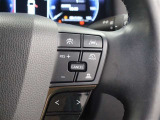 レーダークルーズコントロール作動時に車線維持に必要な運転操作の支援を行う「レーントレーシングアシスト(LTA)」を搭載しています。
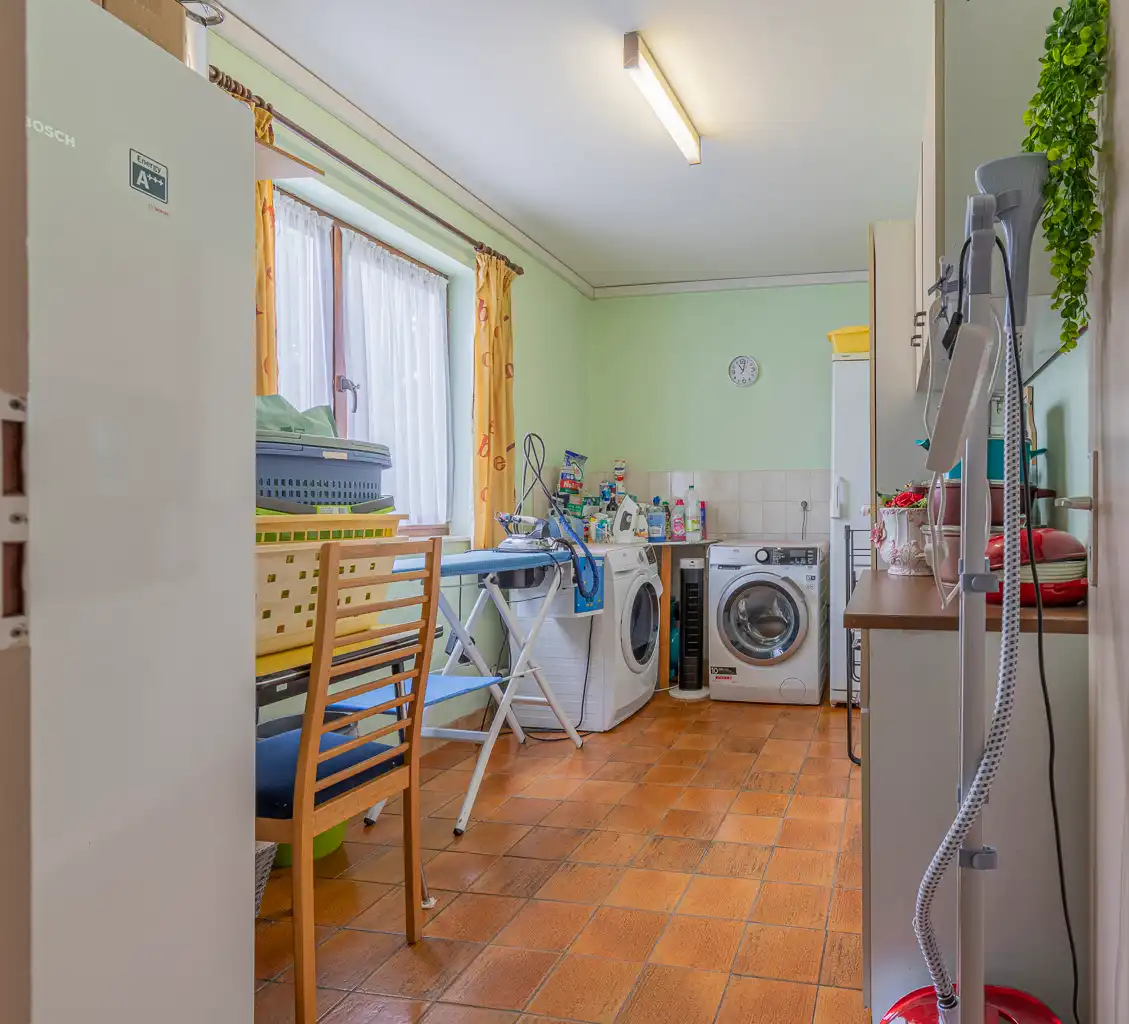 Rustig gelegen woning met 3 slaapkamers en ruime werkplaats foto 7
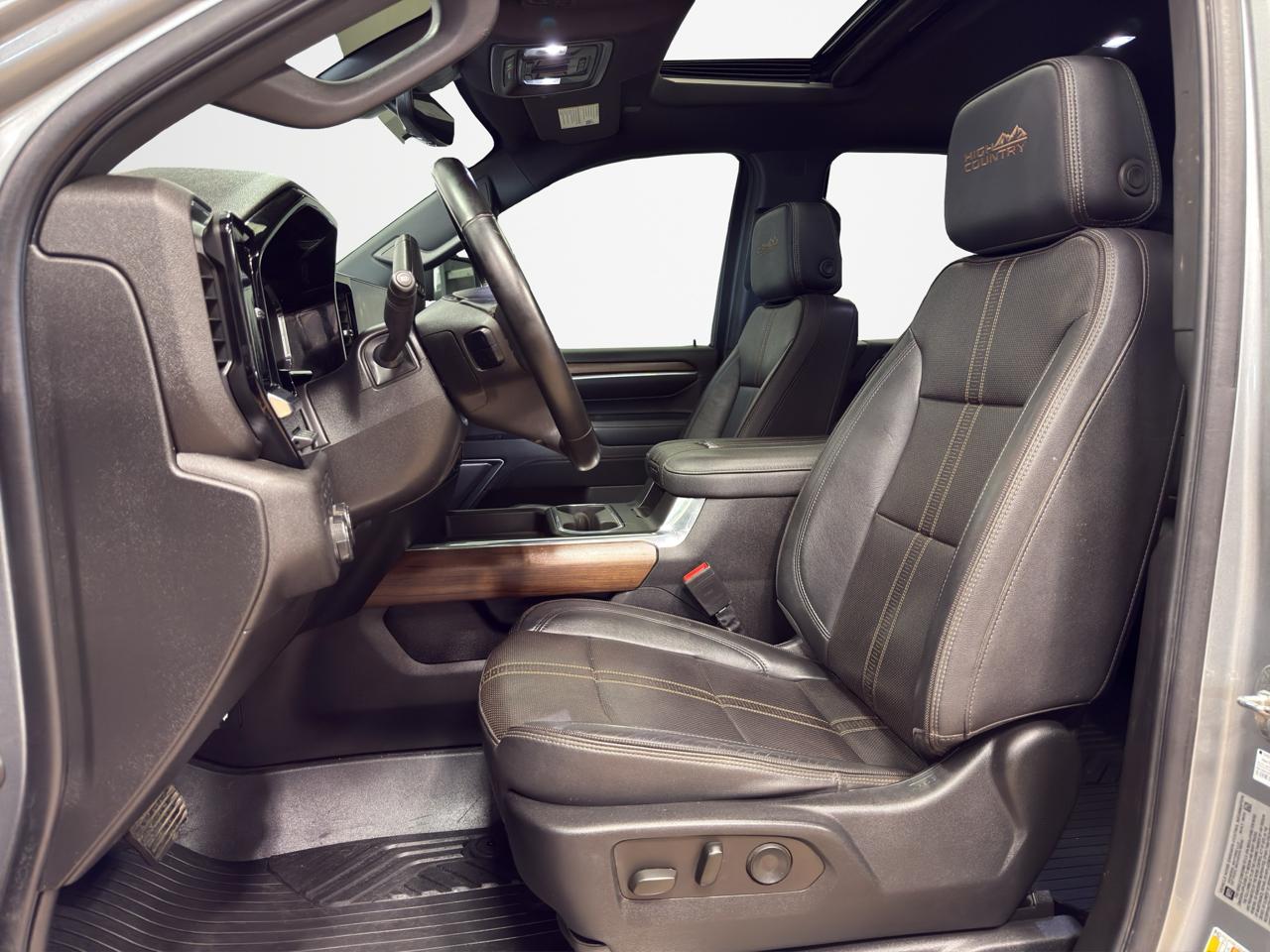Chevrolet Silverado 2500HD 4WD Crew Cab 159" High Country 2024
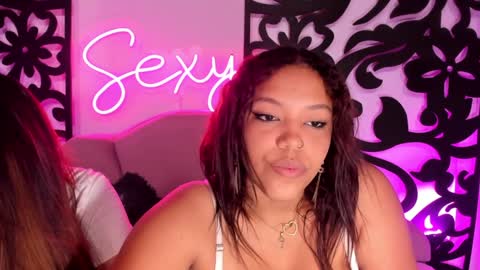 CATALINA Y LAURA  online show from 01-16-25, 02:09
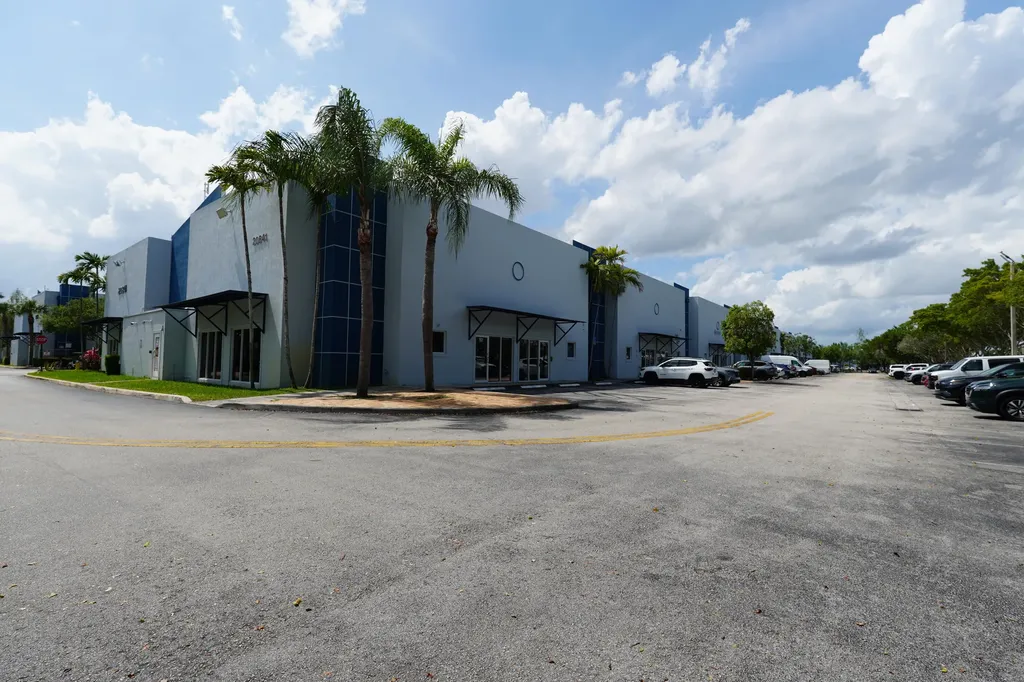 20841 Johnson Street Pembroke Pines FL 33029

________________________________________

- [What the task requires]
Pictures should be left out when the records above are restated exactly.

- [Final answer]
 レーダークルーズコントロール作動時に車線維持に必要な運転操作の支援を行う「レーントレーシングアシスト(LTA)」を搭載しています。
 Rustig gelegen woning met 3 slaapkamers en ruime werkplaats foto 7
Chevrolet Silverado 2500HD 4WD Crew Cab 159" High Country 2024
 CATALINA Y LAURA  online show from 01-16-25, 02:09
 20841 Johnson Street Pembroke Pines FL 33029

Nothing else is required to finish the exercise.